How to Choose a Path When You Want to Pursue a Career in Theology

Many people feel the call to study religious doctrine without having a specific sense of direction. Some might earn a college degree and become a pastor while others could choose to teach in a Christian school. If you are interested in studying theology but aren't quite sure how you will use that knowledge, here are some tips that might help.

Keep a Journal

Many career consultants encourage people who are starting to build a professional future to keep a journal and write in it several times each week. About fifteen minutes at a time is enough unless you want to write more. Describe your ideas about a future in theology and the type of job you would like to have. Explore various options in your writing, such as missions, pastoral headship, church administration, worship and praise leadership, or community outreach. As you reflect on your experiences in these areas, you will likely begin to discover the true areas of interest as well as those that you do not feel called to pursue.
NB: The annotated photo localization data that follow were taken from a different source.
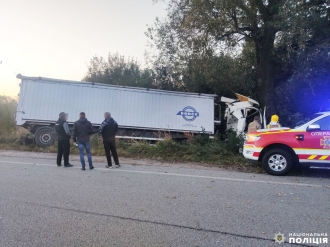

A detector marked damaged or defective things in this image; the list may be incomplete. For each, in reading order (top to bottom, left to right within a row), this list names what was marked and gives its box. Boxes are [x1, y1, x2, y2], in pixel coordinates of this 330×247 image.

crashed truck cab [220, 94, 264, 133] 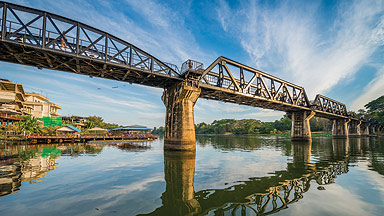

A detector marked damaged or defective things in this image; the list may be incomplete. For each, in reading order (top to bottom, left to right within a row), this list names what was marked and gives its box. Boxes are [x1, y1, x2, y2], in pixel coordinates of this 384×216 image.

rusty steel structure [0, 1, 380, 145] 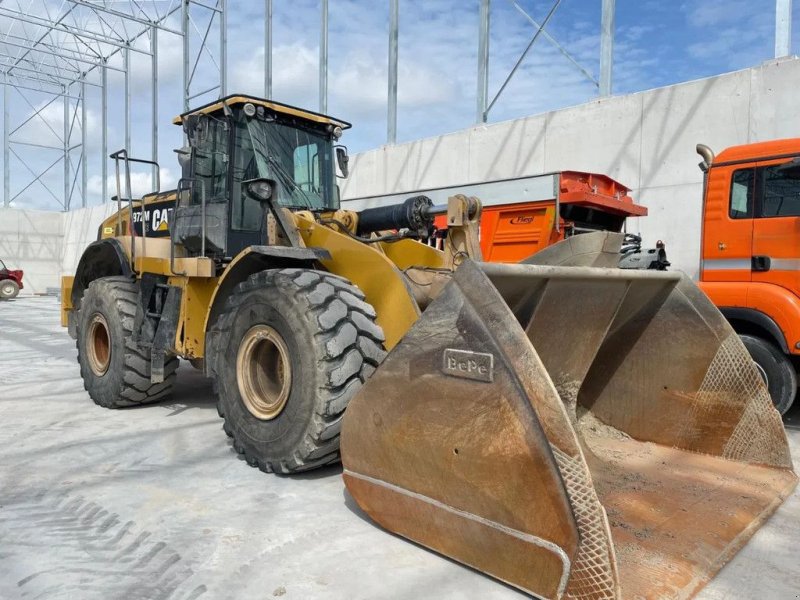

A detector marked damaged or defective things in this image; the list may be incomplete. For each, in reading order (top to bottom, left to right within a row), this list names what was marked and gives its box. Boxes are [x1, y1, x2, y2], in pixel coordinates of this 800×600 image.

rusty metal surface [340, 233, 796, 596] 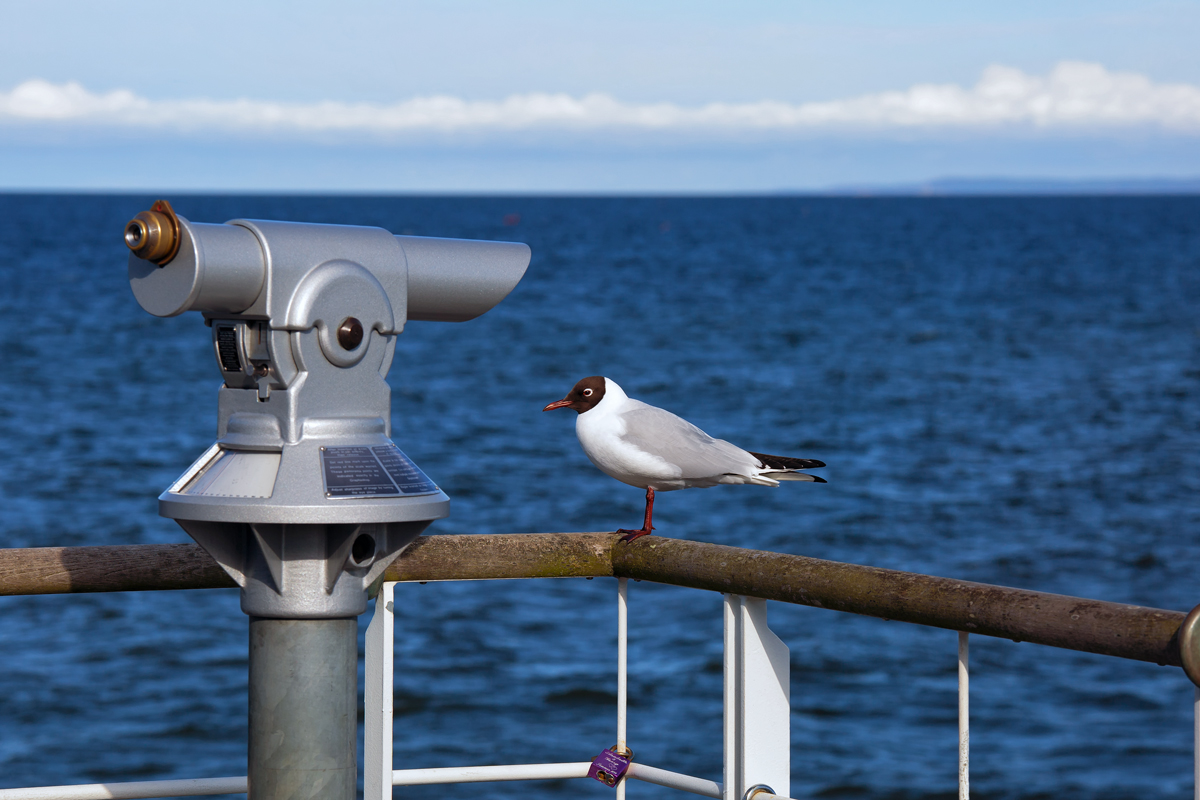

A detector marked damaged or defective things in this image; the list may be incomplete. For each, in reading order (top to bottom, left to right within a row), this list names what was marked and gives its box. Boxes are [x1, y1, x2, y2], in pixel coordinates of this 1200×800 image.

rusty handrail [0, 536, 1184, 672] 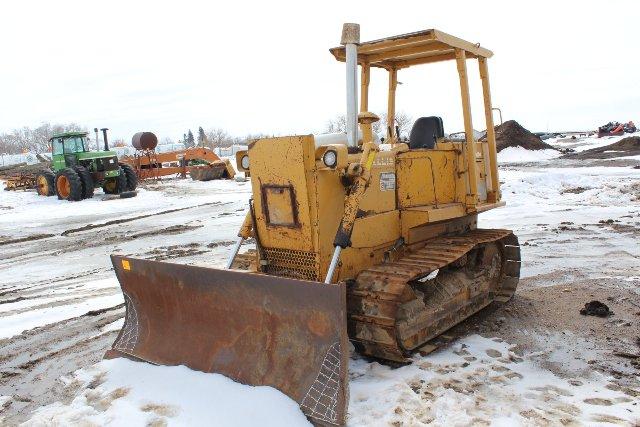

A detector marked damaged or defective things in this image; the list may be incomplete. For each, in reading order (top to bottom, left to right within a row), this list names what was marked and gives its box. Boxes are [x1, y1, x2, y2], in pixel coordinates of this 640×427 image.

Talk to Family and Friends

Your relatives and close friends have seen you participate in church activities and school events as you grew up. They might have some insight as to your career interests and aspirations. Ask them what they think your innate talents are and what you would be good at doing for a theology-based career. Reminisce with them about earlier experiences you shared at church or in local ministry. Their feedback can help to give you a fuller picture of your career-oriented skills and strengths.

Take a Bible Study Class

If you don't already belong to a Bible study, consider joining one. These groups can be highly informative and educational as the members study and discuss Bible themes and passages. You can also sign up for a Bible study class at a Christian college or university. If you have a college degree already, you may be able to apply for admission to a seminary program in theology.

Consult a Career Adviser

A career adviser, whether conventional or Christian, may offer personal assessment tools to help you identify your specific theology interests. You might learn that you are mostly interested in exegesis or prefer apologetics, for example. As you become more attuned to your personal career goals, the assessment tools may be able to provide options for consideration.

Take a proactive approach to explore a theology career. Preliminary steps like these can help you launch a successful preparation plan for a future in theology.